Monday, February 13, 2017

3 Lessons to Improve Communication Skills

This took place recently in my Bright World Thinkers class (for Primary 1 to 4 kids).


At lesson 1, most of these kids were not sure how to contribute to a discussion.

Everyone could answer questions if I posed them some, especially if the answers to my questions were already in a handout that was given to them. But that, to me, is the easy part, since they were being spoonfed with content.

Some could express their views. Many had no views or maybe they had but were too shy to say anything.

One or two would ask questions and be able to contribute to discussions with me leading and facilitating, i.e. a class discussion. But when they were placed in a group to discuss among themselves, most were completely lost. They understood the task but just did not know what to say to each other.

In addition to learning content and discussing issues, ideas and views etc... a big focus of all my classes was on the training of communication skills, both verbal and written. 

In every lesson, through the carefully planned activities that students were introduced to, they were shown techniques to communicate better.

By lesson 3 (in the photos and Facebook post), they could already be placed in groups, given their tasks and just with some simple pointers, get on with their discussion independently.

I get immense satisfaction just watching the kids, putting all that they have learnt into practice!

Once again, this proves my long-standing beliefs that every child can learn to communicate better. They do not have to wait till they are older. Why wait?

Just imagine how much they could gain with better communication skills!

Whether it is about expressing one's views or contributing to a group discussion, every child can learn and improve, as long as they are shown HOW to do so and given the opportunities to practise.

Just putting kids in groups without proper guidance on the HOW to discuss, will not work effectively for everyone. Occasionally the more savvy ones may figure "it" out. But most will not improve their communication skill.

Just telling kids all the pointers on HOW to discuss, also will not work. Like all skills, communication skill can only be honed through lots of practice. And there has to be immediate constructive feedback to their child, so he knows how he can improve.

So is it really possible to improve everyone's communication skill in just 3 lessons? Of course it is.

However, there is one group of students who needs more time.

We can take a thirsty horse to the river but if the horse refuses to drink, will the horse die of thirst? 

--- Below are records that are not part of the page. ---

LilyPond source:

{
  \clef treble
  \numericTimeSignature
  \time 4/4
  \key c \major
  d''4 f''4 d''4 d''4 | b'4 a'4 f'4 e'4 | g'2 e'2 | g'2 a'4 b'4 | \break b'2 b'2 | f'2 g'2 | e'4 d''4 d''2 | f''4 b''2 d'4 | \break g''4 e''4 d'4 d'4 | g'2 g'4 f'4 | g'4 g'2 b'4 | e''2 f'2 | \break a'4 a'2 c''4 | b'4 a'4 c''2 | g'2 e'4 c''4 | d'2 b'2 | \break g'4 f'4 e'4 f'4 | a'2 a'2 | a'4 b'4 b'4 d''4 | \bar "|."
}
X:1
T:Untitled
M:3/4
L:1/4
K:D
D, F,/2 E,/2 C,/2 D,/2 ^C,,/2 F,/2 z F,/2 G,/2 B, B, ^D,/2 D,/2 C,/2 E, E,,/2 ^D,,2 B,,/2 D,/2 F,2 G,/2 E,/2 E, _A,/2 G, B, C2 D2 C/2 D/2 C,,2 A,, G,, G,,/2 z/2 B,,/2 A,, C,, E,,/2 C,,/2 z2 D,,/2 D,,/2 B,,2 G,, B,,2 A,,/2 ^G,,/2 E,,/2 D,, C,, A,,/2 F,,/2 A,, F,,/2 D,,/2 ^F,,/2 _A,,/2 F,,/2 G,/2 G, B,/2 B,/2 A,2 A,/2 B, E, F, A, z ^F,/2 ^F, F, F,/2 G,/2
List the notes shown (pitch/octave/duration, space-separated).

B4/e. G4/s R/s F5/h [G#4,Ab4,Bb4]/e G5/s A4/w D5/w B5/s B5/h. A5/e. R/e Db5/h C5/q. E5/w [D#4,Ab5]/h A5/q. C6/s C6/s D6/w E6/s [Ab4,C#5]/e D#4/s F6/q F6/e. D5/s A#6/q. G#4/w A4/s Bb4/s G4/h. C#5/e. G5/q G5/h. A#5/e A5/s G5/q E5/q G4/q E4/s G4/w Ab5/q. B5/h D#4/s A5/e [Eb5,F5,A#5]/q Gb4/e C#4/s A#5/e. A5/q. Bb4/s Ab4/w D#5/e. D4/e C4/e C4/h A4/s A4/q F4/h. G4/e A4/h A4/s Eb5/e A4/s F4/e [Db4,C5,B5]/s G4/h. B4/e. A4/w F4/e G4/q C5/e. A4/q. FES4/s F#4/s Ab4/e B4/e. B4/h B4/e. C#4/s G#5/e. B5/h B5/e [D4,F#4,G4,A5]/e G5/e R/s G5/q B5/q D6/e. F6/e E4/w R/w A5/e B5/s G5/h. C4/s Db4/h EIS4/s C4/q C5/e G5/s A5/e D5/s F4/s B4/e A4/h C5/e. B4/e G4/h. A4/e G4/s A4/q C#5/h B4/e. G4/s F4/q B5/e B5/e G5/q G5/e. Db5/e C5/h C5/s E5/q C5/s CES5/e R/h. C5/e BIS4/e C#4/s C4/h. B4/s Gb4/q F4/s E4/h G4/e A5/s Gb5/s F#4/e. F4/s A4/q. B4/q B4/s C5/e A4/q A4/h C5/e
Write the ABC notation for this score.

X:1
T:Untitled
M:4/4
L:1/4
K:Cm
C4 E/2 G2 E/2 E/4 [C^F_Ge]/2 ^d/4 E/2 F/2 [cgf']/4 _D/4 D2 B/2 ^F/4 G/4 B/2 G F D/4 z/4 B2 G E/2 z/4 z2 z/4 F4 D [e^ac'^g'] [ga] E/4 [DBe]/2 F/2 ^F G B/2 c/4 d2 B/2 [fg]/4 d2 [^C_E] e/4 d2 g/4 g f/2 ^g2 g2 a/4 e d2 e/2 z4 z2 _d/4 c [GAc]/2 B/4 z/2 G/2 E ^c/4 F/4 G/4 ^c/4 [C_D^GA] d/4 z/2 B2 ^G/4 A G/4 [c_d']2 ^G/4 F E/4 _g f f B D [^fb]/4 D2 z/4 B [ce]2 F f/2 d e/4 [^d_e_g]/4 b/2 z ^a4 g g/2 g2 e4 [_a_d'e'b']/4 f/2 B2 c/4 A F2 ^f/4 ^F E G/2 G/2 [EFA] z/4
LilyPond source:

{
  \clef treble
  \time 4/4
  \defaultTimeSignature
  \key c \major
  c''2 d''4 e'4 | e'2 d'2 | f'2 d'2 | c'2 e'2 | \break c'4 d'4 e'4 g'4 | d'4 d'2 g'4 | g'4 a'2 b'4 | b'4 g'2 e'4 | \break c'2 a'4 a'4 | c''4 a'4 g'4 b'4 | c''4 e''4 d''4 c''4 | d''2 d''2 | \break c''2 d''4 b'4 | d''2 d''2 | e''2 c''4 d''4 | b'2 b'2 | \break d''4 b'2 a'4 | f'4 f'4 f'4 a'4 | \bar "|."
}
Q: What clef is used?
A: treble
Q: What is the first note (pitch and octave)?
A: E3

I have come across students who simply would not say anything in class. I am sure they are too nervous, scared, intimidated, shy and/or afraid to make mistakes or be seen as not clever enough etc.....

Yes, personality counts. But who says introverts and those who are usually shy are unable to contribute or speak up. Any parents who believe this have a fixed mindset and unfortunately, it will become a self-fulfilling prophecy for their kids.

The real issue here is a lack of self-confidence and resilience. For some, they also have a high need for validation, approval and praise, likely because they come from an environment whereby they are used to tons of praises and validation for what they have achieved. This is one BIG reason I refrain from such praises.

But I heap praises on effort. The effort to TRY and those who put in effort to PERSEVERE are the ones who will improve. They may take longer to show results because now it is not just a case of working on the child's communication skill but also his self-confidence and resilience.

The more these kids are exposed to an environment where they can witness other children learning to communicate, making mistakes and improving from them, these once-quiet-and-reserved kids will eventually realize there is nothing to fear to open their mouths, utter some words and raising their volume.

It is the first step that we want. After that, the next few steps will come fast and furious.